__Problem to solve__:
A word-for-word copy of all entries is required, without images.

__Task inputs__:
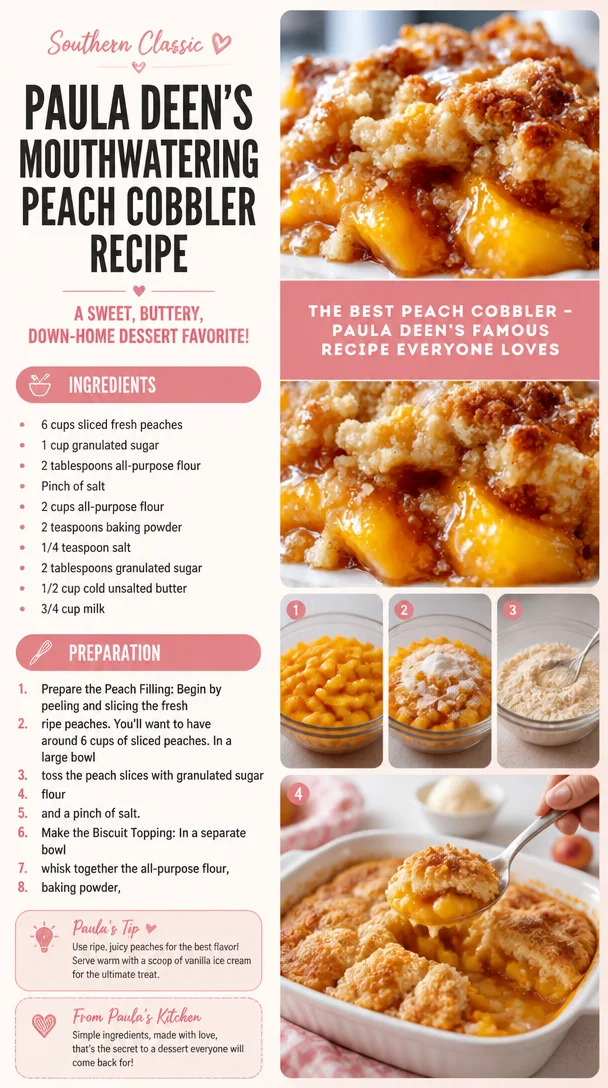 Paula Deen’s Mouthwatering Peach Cobbler Recipe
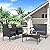 Knnbxa 4-Piece Patio Furniture Set Outdoor Rattan Furniture Patio Conversation Set for Patio, Backyard, Porch, Poolside w/Coffee Table-Dark Blue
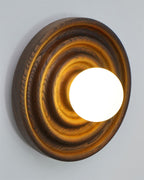 Wall Lamp Ripple with Ash Wood Body and Glass Globe Shade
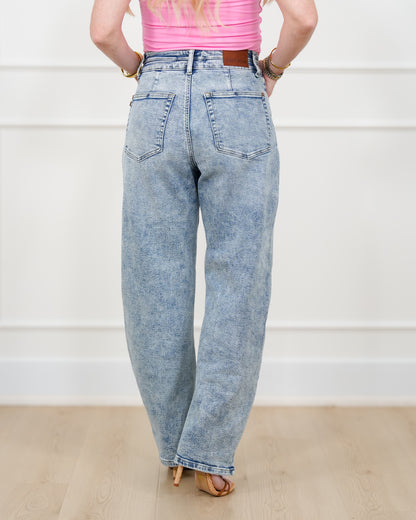 Judy Blue High Rise Light Wash Double Waist Band Marlow Arc Leg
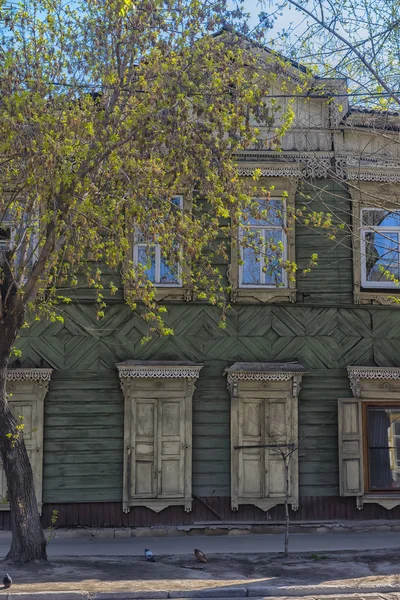 Rússia Irkutsk 2018 Arquitetura Madeira Sibéria Casas Madeira Ruas Centro — Fotografia de Stock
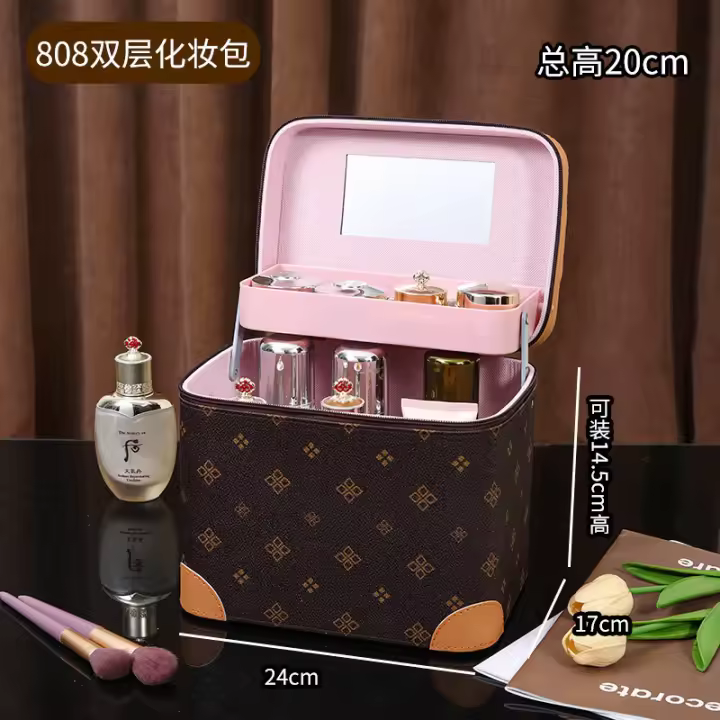 Bolsa de Maquillaje de Viaje Retro de Gran Capacidad 2025 Caja de Almacenamiento de Cosméticos Portátil de Alta Gama Organizador de Maquillaje Manual - 1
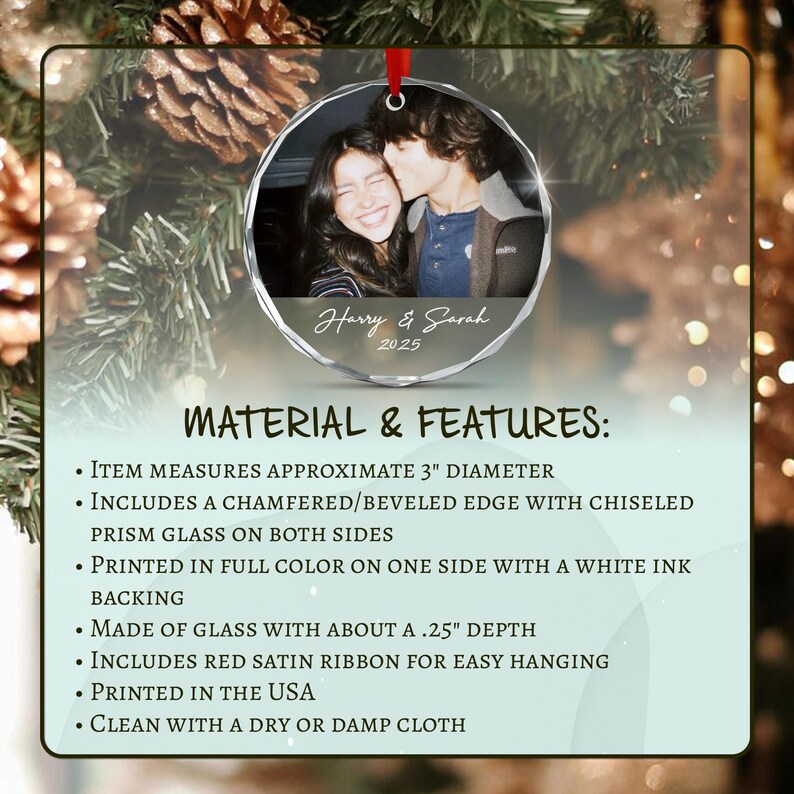 A circular glass ornament featuring a photograph of two people, with the text Harry & Sarah 2025 printed below.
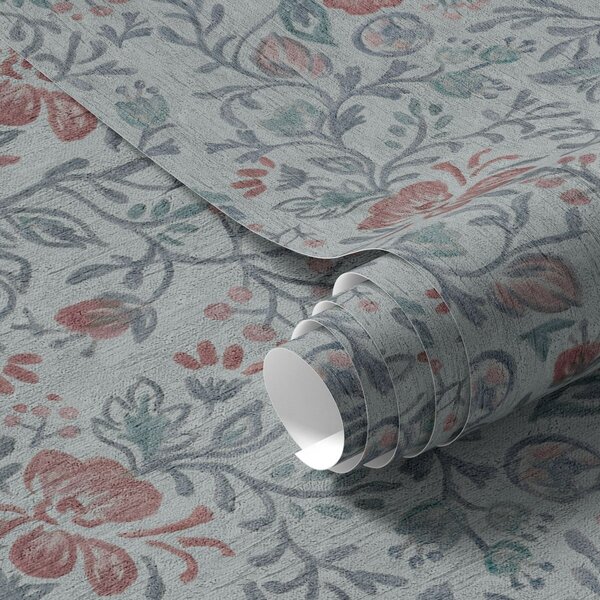 Tapet Flori pastelate pe fond gri-albastru, Tapet flori, a00499 : Uwalls.ro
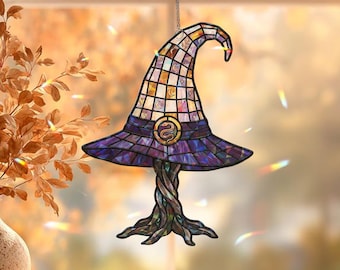 Witch Hat Mushroom Holographic Acrylic: Window Hanging Suncatcher Halloween Celestial Decor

__Written answer__:
 Paula Deen’s Mouthwatering Peach Cobbler Recipe
 Knnbxa 4-Piece Patio Furniture Set Outdoor Rattan Furniture Patio Conversation Set for Patio, Backyard, Porch, Poolside w/Coffee Table-Dark Blue
 Wall Lamp Ripple with Ash Wood Body and Glass Globe Shade
 Judy Blue High Rise Light Wash Double Waist Band Marlow Arc Leg
 Rússia Irkutsk 2018 Arquitetura Madeira Sibéria Casas Madeira Ruas Centro — Fotografia de Stock
 Bolsa de Maquillaje de Viaje Retro de Gran Capacidad 2025 Caja de Almacenamiento de Cosméticos Portátil de Alta Gama Organizador de Maquillaje Manual - 1
 A circular glass ornament featuring a photograph of two people, with the text Harry & Sarah 2025 printed below.
 Tapet Flori pastelate pe fond gri-albastru, Tapet flori, a00499 : Uwalls.ro
 Witch Hat Mushroom Holographic Acrylic: Window Hanging Suncatcher Halloween Celestial Decor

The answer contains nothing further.